As one of the most common types of health-related conditions in the UK, arthritis can quickly affect someone’s quality of life.
However, by staying active and looking after your joints later in life, there are many ways to prevent the onset of arthritis as we get older and measures that we can implement at home to improve our chances of remaining mobile.
What are the warning signs of arthritis?
Arthritis is a common problem that affects people all over the country. People tend to want to know what’s wrong when they experience joint swelling, stiffness, joint pain but also unexplained fatigue and a general sense of onset illness.
These symptoms should prompt you to consult a doctor and carry out an examination.

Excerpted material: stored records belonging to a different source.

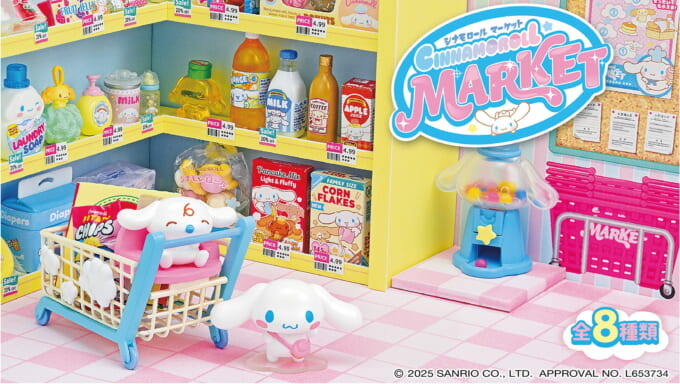 ドン・キホーテ限定デザイン☆サンリオキャラクターズのボア上下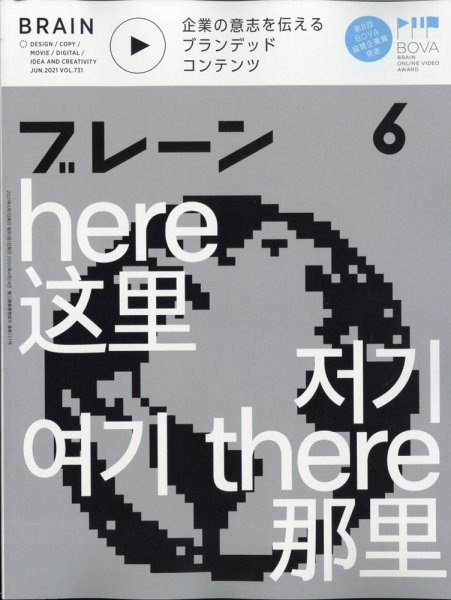 ブレーン 2021年6月号 (発売日2021年05月01日) 表紙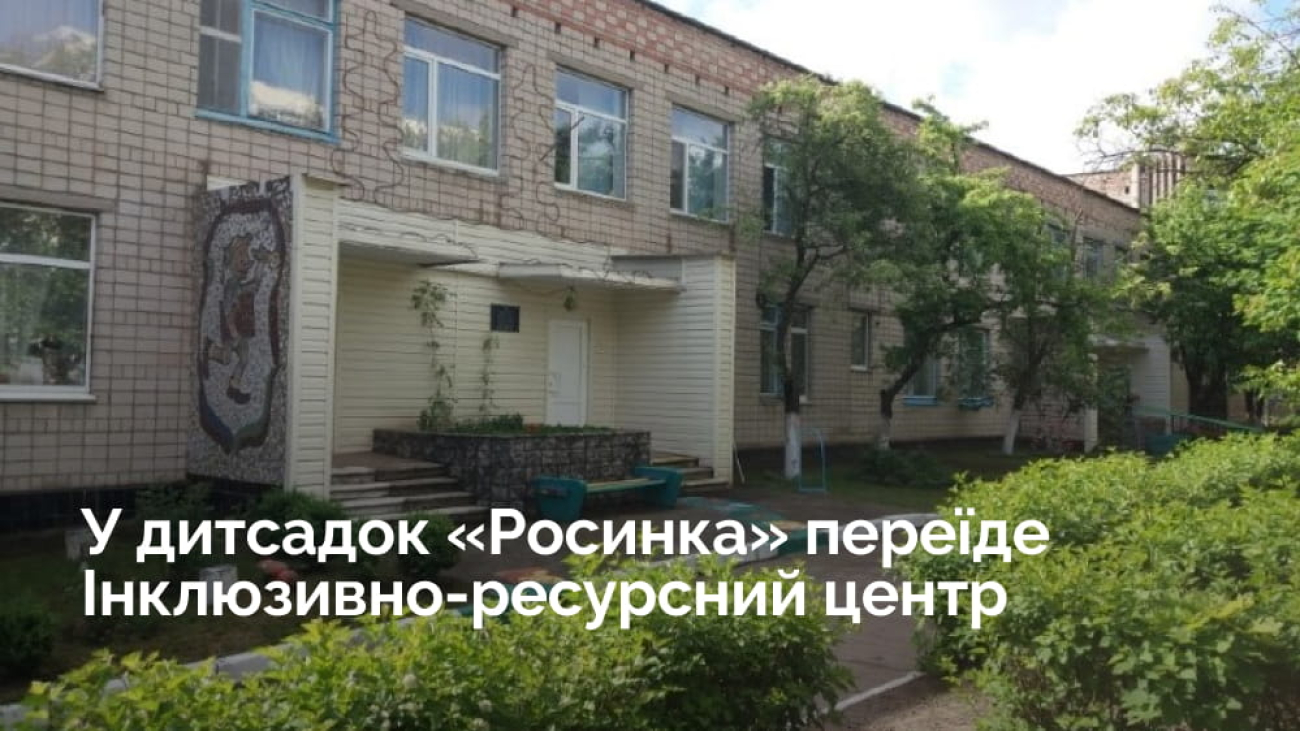 328fac11-b29b-4f60-ba89-330a7c27bf37 (1)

How is arthritis medically diagnosed?
A diagnosis is the first step towards improving arthritis. Health care providers will generally take a physical examination and ask you about your symptoms. Depending on the evaluation you’re looking for, you might opt to see a GP, a rheumatologist or an orthopaedic specialist.
The health evaluation
The evaluation should begin with a series of questions. These might include asking when the symptoms started, what’s the level of pain, when stiffness occurs and what currently relieves the pain.
You will be asked about your current, recent and past medical histories, such as whether your job requires long hours of standing or sitting, habits such as smoking, diet, sleep, and exercise.

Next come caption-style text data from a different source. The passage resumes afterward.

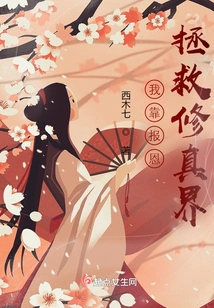 I Save the World of Cultivation by Repaying Kindness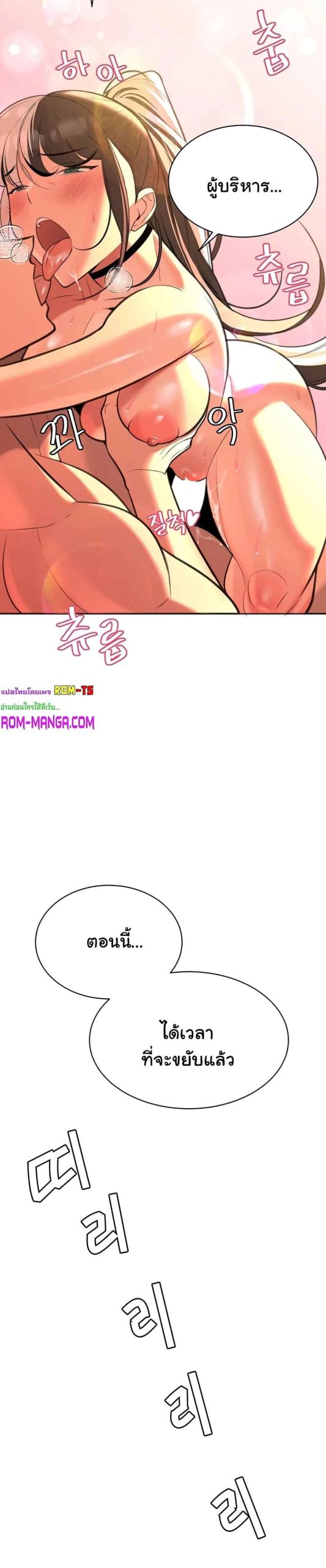 ความลับของเศรษฐี-13-Secret-Ejaculation-Of-The-Rich-Ch.13-22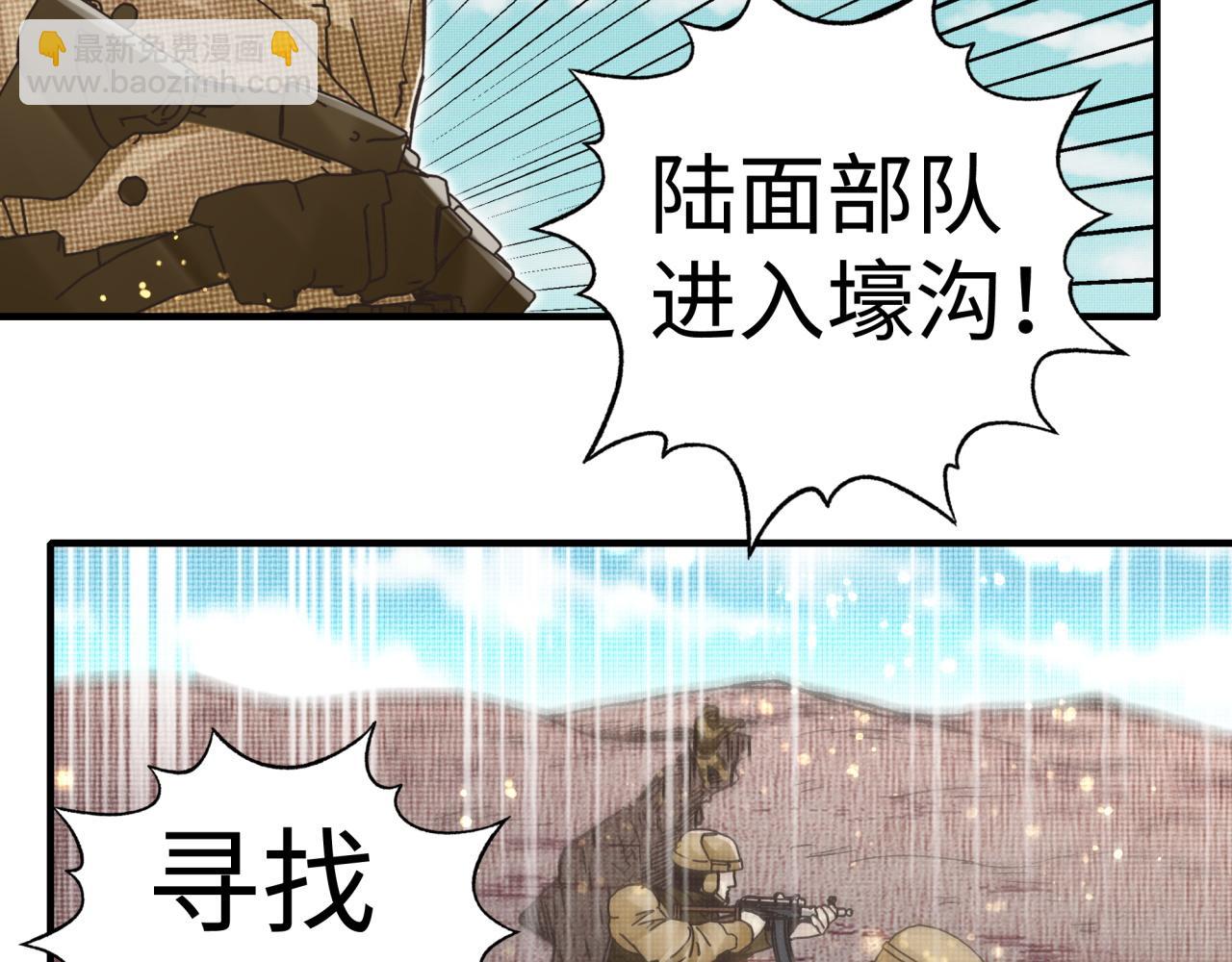 你再動我一下試試！ - 第101話 瘟疫之王最後的力量(1/4) - 8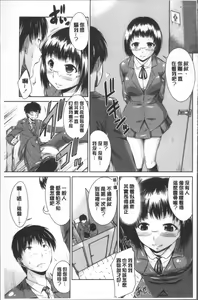 Page 88 of Maru-Chi Play  | 變態痴女遊戲 - preview thumbnail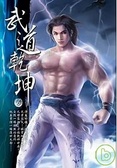 武道乾坤6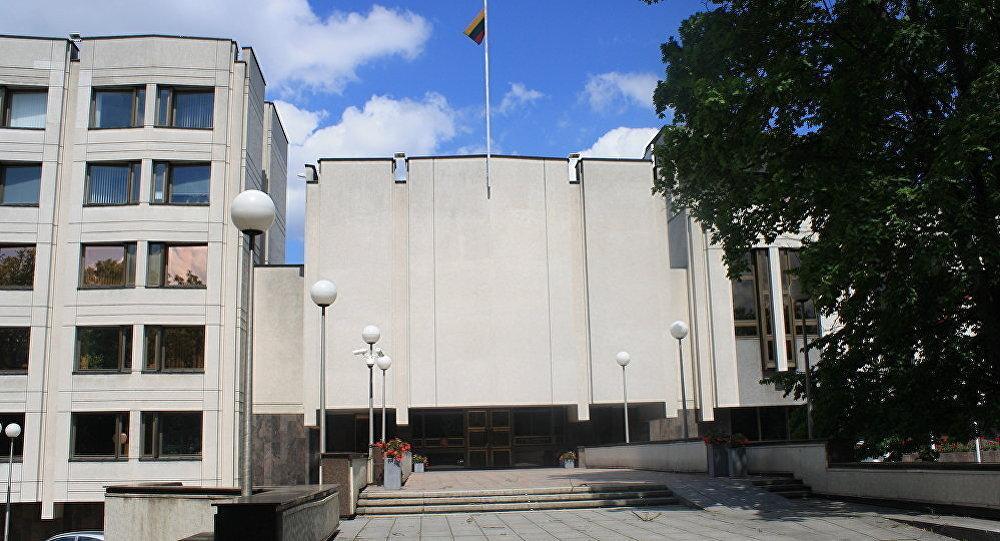 ����: obzor.lt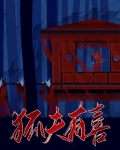 狐夫有喜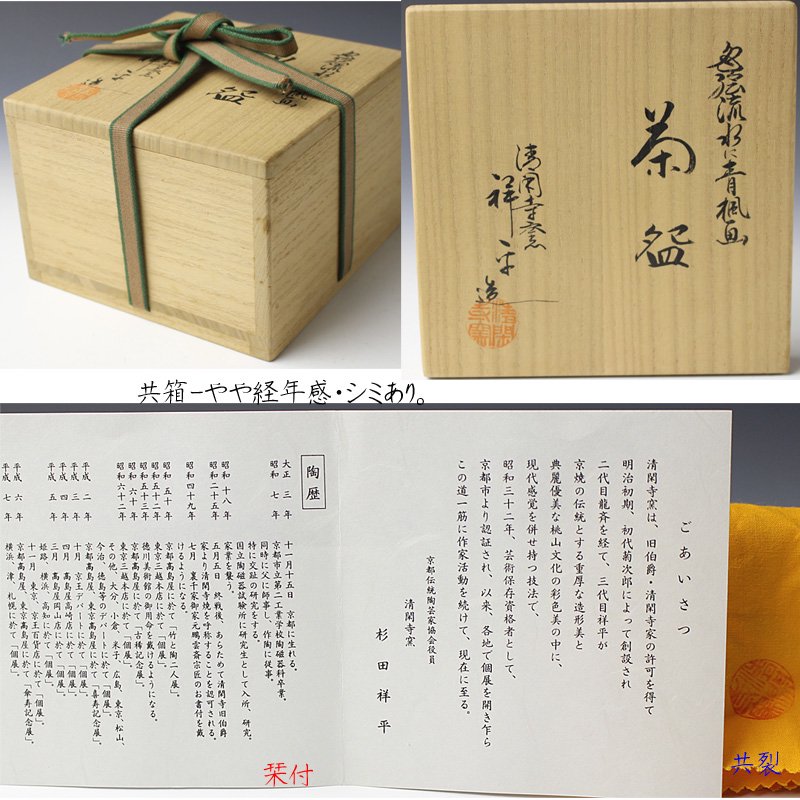 清閑寺窯 祥平(杉田祥平)造 初花肩衝茶入 美品 共箱 茶道具 送料込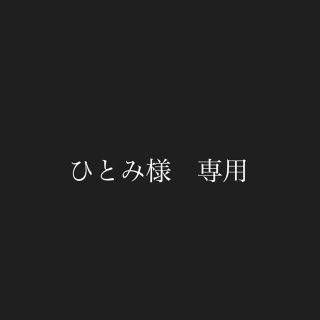 ひとみ様　専用(トリートメント)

You will also be asked about your family medical history, and whether any member suffers from any type of arthritis or rheumatoid arthritis – as this could play a role.
The physical examination
Doctors will need to physically examine your joints and will look for signs of swelling, stiffness or redness. If more than one joint is affected, they will count them and check whether there are any symmetrical patterns on both sides of the body. They will feel the joint for warmth or fluid, moving them back and forth to see the range of motion.
The doctor will then take the steps for a standard examination, including a temperature reading, a check for swollen glands, a reflex check and a look into the eyes and throat.
How long does it take to know the results?
Depending on the findings, they may need to use blood tests and an X-ray examination or imaging test to distinguish the type of arthritis that somebody has – as they differ from one to the next. For example, people with rheumatoid arthritis have particular antibodies in their blood and that needs to be identified, and osteoarthritis reveals a loss of bone and cartilage.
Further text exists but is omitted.